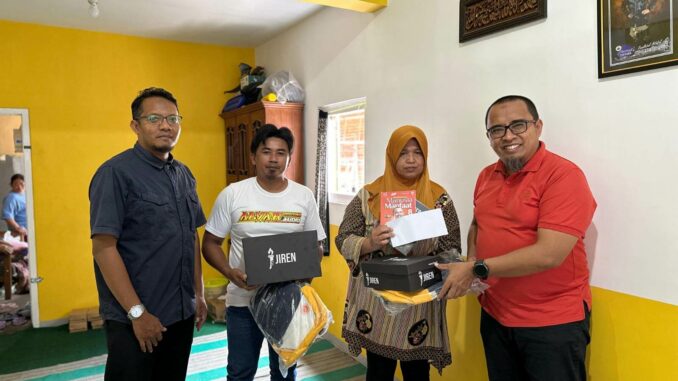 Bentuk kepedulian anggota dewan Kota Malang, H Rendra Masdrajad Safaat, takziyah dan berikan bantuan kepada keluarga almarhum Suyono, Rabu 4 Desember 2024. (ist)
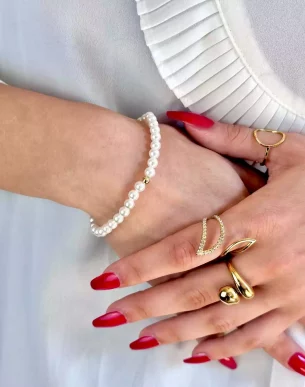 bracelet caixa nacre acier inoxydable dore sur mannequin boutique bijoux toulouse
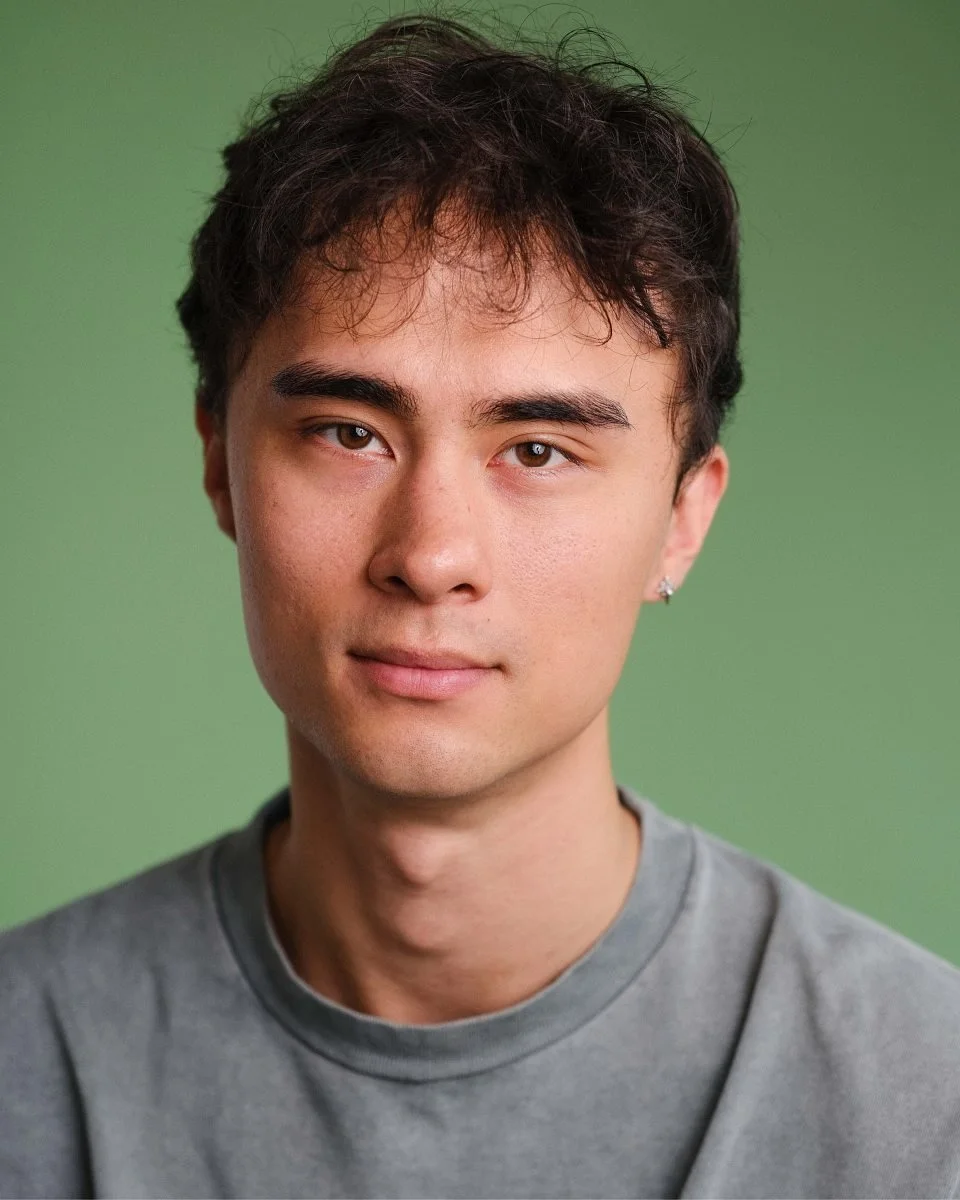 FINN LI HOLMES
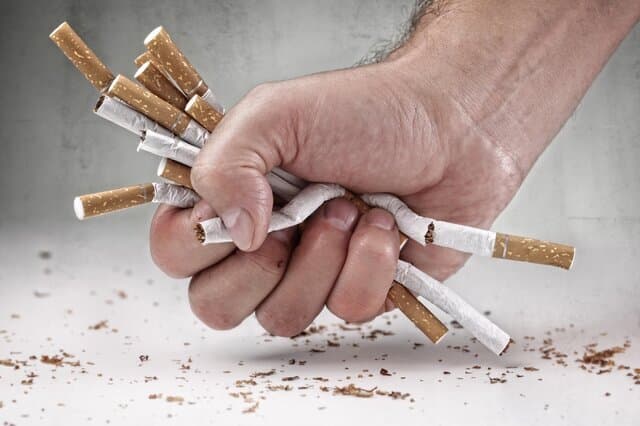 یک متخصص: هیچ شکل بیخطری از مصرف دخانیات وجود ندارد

◆ YOUR TASK ◆
The required output is the span of lines from the line with "bracelet caixa nacre" through the final line of the listing above, reproduced exactly, minus the pictures.

◆ SOLUTION ◆
 bracelet caixa nacre acier inoxydable dore sur mannequin boutique bijoux toulouse
 FINN LI HOLMES
 یک متخصص: هیچ شکل بیخطری از مصرف دخانیات وجود ندارد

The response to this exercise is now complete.